Nous rappelons sans cesse la doctrine de la Troisième République, qui défend l'ascenseur social et la méritocratie. Or cette doctrine n'est plus reconnue, faute d'éducation, par un certain nombre de nos concitoyens. Pourquoi avons-nous baissé les bras ? Je l'ignore, et j'en parle souvent avec le ministre de l'éducation nationale. Cela s'explique peut-être par l'absence d'acceptation de la mixité sociale.

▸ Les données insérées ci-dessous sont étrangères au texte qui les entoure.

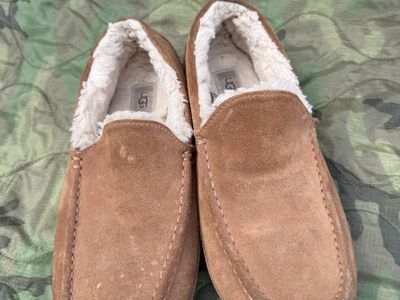 UGG Ascot Moccasin Slippers Chestnut - Men's 13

On observe une augmentation des manifestations de phénomènes racistes et antisémites. Ne devrait-on pas changer d'angle de réflexion, en nous plaçant plus en amont, pour comprendre pourquoi notre modèle a échoué ? Lorsqu'on parle de laïcité, et je l'ai dit textuellement à Jean-Michel Blanquer, « on est ringard ». La charte de la laïcité est « ringarde ». Pourquoi en est-on arrivé là ? Comment lutter plus en amont pour ne pas « courir après le train » ?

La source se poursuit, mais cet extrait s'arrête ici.